1. \(\displaystyle z=f(x,y)=4x^2+3y^2,x=x(t)=\sin t,y=y(t)=\cos t\)
2. \(\displaystyle z=f(x,y)=\sqrt{x^2−y^2},x=x(t)=e^{2t},y=y(t)=e^{−t}\)

Solution

a. To use the chain rule, we need four quantities—\(\displaystyle ∂z/∂x,∂z/∂y,dx/dt\), and \(\displaystyle dy/dt\):

• \(\displaystyle \dfrac{∂z}{∂x}=8x\)
• \(\displaystyle \dfrac{dx}{dt}=\cos t\)
• \(\displaystyle \dfrac{∂z}{∂y}=6y\)
• \(\displaystyle \dfrac{dy}{dt}=−\sin t\)

Now, we substitute each of these into Equation:

\[\dfrac{dz}{dt}=\dfrac{\partial z}{\partial x} \cdot \dfrac{dx}{dt}+\dfrac{\partial z}{\partial y} \cdot \dfrac{dy}{dt}=(8x)(\cos t)+(6y)(−\sin t)=8x\cos t−6y\sin t. \nonumber\]
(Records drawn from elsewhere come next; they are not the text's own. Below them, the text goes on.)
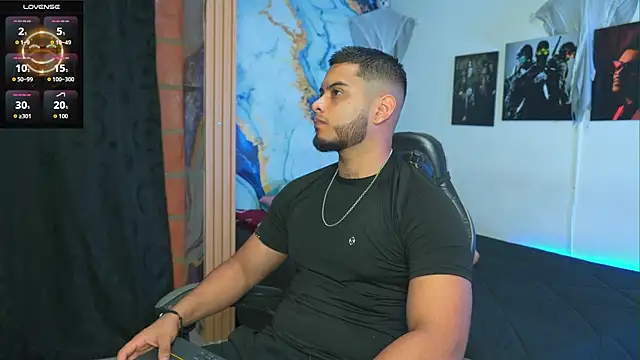 Tiler wolker online show from December 2025 11:43:01 PM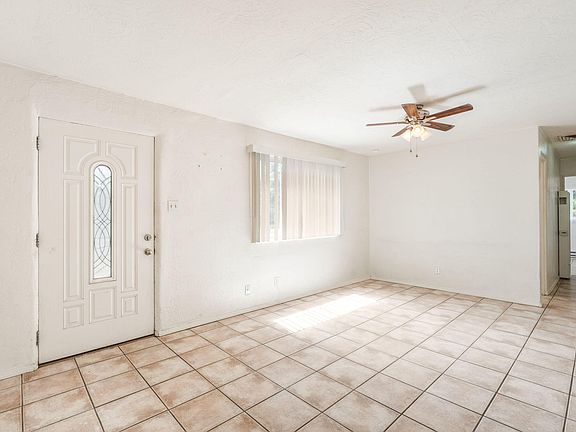 5th image of 8909 Shoshone Rd NE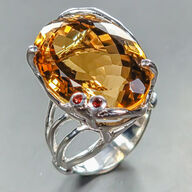 Håndfremstillet unika citrinring af rhodineret sterlingsølv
This answer has three variables in it. To reduce it to one variable, use the fact that \(\displaystyle x(t)=\sin t \text{and} y(t)=\cos t.\) We obtain

\[\displaystyle \dfrac{dz}{dt}=8x\cos t−6y\sin t=8(\sin t)\cos t−6(\cos t)\sin t=2\sin t\cos t. \nonumber\]
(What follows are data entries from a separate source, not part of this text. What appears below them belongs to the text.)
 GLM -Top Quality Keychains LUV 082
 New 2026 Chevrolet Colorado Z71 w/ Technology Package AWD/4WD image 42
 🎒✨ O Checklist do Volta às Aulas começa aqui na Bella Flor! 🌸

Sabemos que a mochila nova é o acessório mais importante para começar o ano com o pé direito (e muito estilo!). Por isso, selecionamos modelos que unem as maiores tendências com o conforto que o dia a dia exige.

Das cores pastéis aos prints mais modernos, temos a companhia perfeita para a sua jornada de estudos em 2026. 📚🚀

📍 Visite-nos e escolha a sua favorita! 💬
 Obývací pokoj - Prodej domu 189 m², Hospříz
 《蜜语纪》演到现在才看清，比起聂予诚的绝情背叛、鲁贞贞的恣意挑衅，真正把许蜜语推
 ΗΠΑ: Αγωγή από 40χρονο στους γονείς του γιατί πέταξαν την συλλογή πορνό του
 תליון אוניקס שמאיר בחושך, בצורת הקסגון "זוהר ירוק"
This derivative can also be calculated by first substituting \(\displaystyle x(t)\) and \(\displaystyle y(t)\) into \(\displaystyle f(x,y),\) then differentiating with respect to \(\displaystyle t\):

\[\displaystyle z=f(x,y)=f(x(t),y(t))=4(x(t))^2+3(y(t))^2=4\sin^2 t+3\cos^2 t. \nonumber\]

Then

\[\displaystyle \dfrac{dz}{dt}=2(4\sin t)(\cos t)+2(3\cos t)(−\sin t)=8\sin t\cos t−6\sin t\cos t=2\sin t\cos t,\]

which is the same solution. However, it may not always be this easy to differentiate in this form.

b. To use the chain rule, we again need four quantities—\(\displaystyle ∂z/∂x,∂z/dy,dx/dt,\) and \(\displaystyle dy/dt:\)

• \(\displaystyle \dfrac{∂z}{∂x}=\dfrac{x}{\sqrt{x^2−y^2}}\)
• \(\displaystyle \dfrac{dx}{dt}=2e^{2t}\)
• \(\displaystyle \dfrac{∂z}{∂y}=\dfrac{−y}{\sqrt{x^2−y^2}}\)
• \(\displaystyle \dfrac{dx}{dt}=−e^{−t}.\)

We substitute each of these into Equation:

\[\begin{align*} \dfrac{dz}{dt}&=\dfrac{ \partial z}{ \partial x} \cdot \dfrac{dx}{dt}+\dfrac{ \partial z}{ \partial y}\cdot \dfrac{dy}{dt} \\ &=\left(\dfrac{x}{\sqrt{x^2−y^2}}\right) (2e^{2t})+\left(\dfrac{−y}{\sqrt{x^2−y^2}} \right) (−e^{−t}) \\ &=\dfrac{2xe^{2t}−ye^{−t}}{\sqrt{x^2−y^2}}. \end{align*} \]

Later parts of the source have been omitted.